Vijay also revealed that the company was working with the Pahang government to rebuild Istana Pekan, which was a classic palace, built without a single nail or cement being used, and sitting on the premises of the royal palace grounds.

“Malaysia is not playing up our culture and heritage as much as we should like Bali and Thailand (and) more so with the distinctly different culture between Pahang, Terengganu and Kelantan and the west coast,” said Vijay.

Vijay, who hails from Terengganu, is passionate about spicing up the state’s culture and heritage with classical east coast Malay architecture which would offer tourists from all over the world a secondary story and not just the usual sun, sea and sand.

Once the resort is operational in five years’ time which he describes as more of a labour of love, the group also has plans to develop the legendary lake of Tasik Chini, which would add on to the 100 million-year old Endau-Rompin heritage forest area.

“We are going to preserve the mangrove swamp and backwaters on our property and build cabins on stilts so that we can preserve the ecological balance of the project,” he said.

Asked on the returns from these investments, he said what was going to be profitable was the resort itself which can be patronised by the group’s captive tourist market from its Vacation Club which has six million customers worldwide in its database.

Already, the diversified company is bringing in a whole bunch of tourists worldwide to Malaysia, Thailand, Bali and the Middle East.

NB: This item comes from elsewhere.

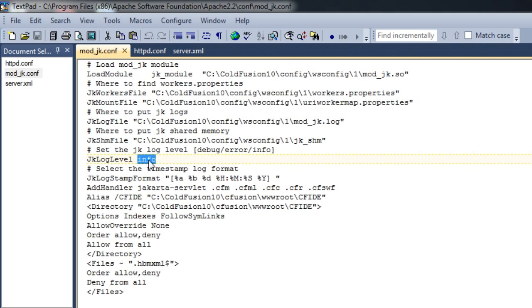So these are the main configuration files which get created, and these are the changes which happen on the Apache side when a connector is configured. This is all about Apache connector configuration files. I'll be doing some more sessions in detail about Apache Virtual Host configuration, IIS configuration, and more. Please stay tuned and follow us on this channel. Thank you.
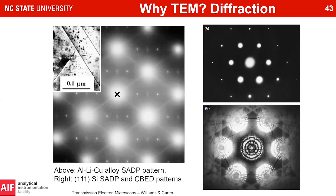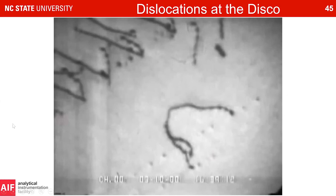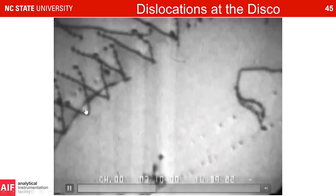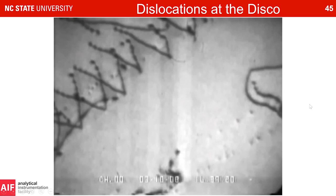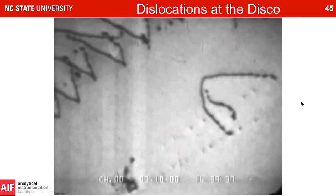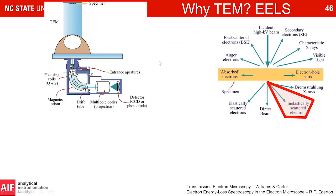We can also look at defects. Here's a dislocation source emitting dislocations — you can see them wiggling around and getting tangled up, imaged in the TEM. If you're working on imaging defects, whether dislocations or planar defects, TEM is incredibly powerful. We can adjust the microscope to get incredible contrast from those defects.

To tap into that potential, the group was on the lookout for an urban hotel in Kuala Lumpur which can be a stopover for them to spend a couple of days for shopping and thereon choose to hop on to Endau-Rompin and Tasik Chini for a feel of culture.

To this end, he said the group was negotiating with two hotels, “but we may not acquire both. One is right down in Jalan Sultan Ismail in KL and another in PJ, which is stone’s throw away from Amcorp Mall” which houses Qi’s current operations.

“We are also eyeing resort properties in Mauritius, Kenya for safaris, and an island in the Maldives to add to our expansion plans,” he said.

In Thailand’s island paradise of Koh Samui where it owns the Prana Resort, he said the group was already building its second upscale hotel along the island’s Boh Put beach.

The groundbreaking for the second resort in Koh Samui is set for this month.

Vijay also revealed that the group “definitely has its eyes open for properties in Sabah and Sarawak, probably an island off Sandakan as well as in Balik Pulau in Penang.”

As to whether there would be a cap to this process (of acquiring properties), he said there was none as it’s a matter of “finding the right location and acquiring properties to meet our needs.”

When asked on the funding needs against a backdrop of such ambitious plans and acquisitions, he lamented that “it has been both our boon and bane.”

Elaborating, he said that never needing to seek external funding was a boon as funding from within the group makes life easier as everything was internal.

But it was a bane because “we have never been able to build up strong financial relations with banks as a result of which they don’t know who we are.”

That is why “we are changing our strategy to negotiate with banks for loans and hire purchase agreements rather than traditionally buying outright,” he said.

“The PJ headquarters has given us a good base as far as our credit worthiness is concerned,” said Vijay.

The company’s employees have started moving into their new headquarters in PJ8 here. It would initially house its financial, administrative, information technology and backroom audit operations to be followed by other external functions.

They include graphic works in Thailand, copyrighting (Philippines), call centres (split between Philippines and Malaysia), legal as well as travel and vacations (Singapore).

“Department by department is being consolidated because we are pretty far and quite widespread and our staff here of over 400 people now from a mere 80 five years ago will support our global operations,” he said, clearly reaffirming that Qi is in Malaysia for the long haul.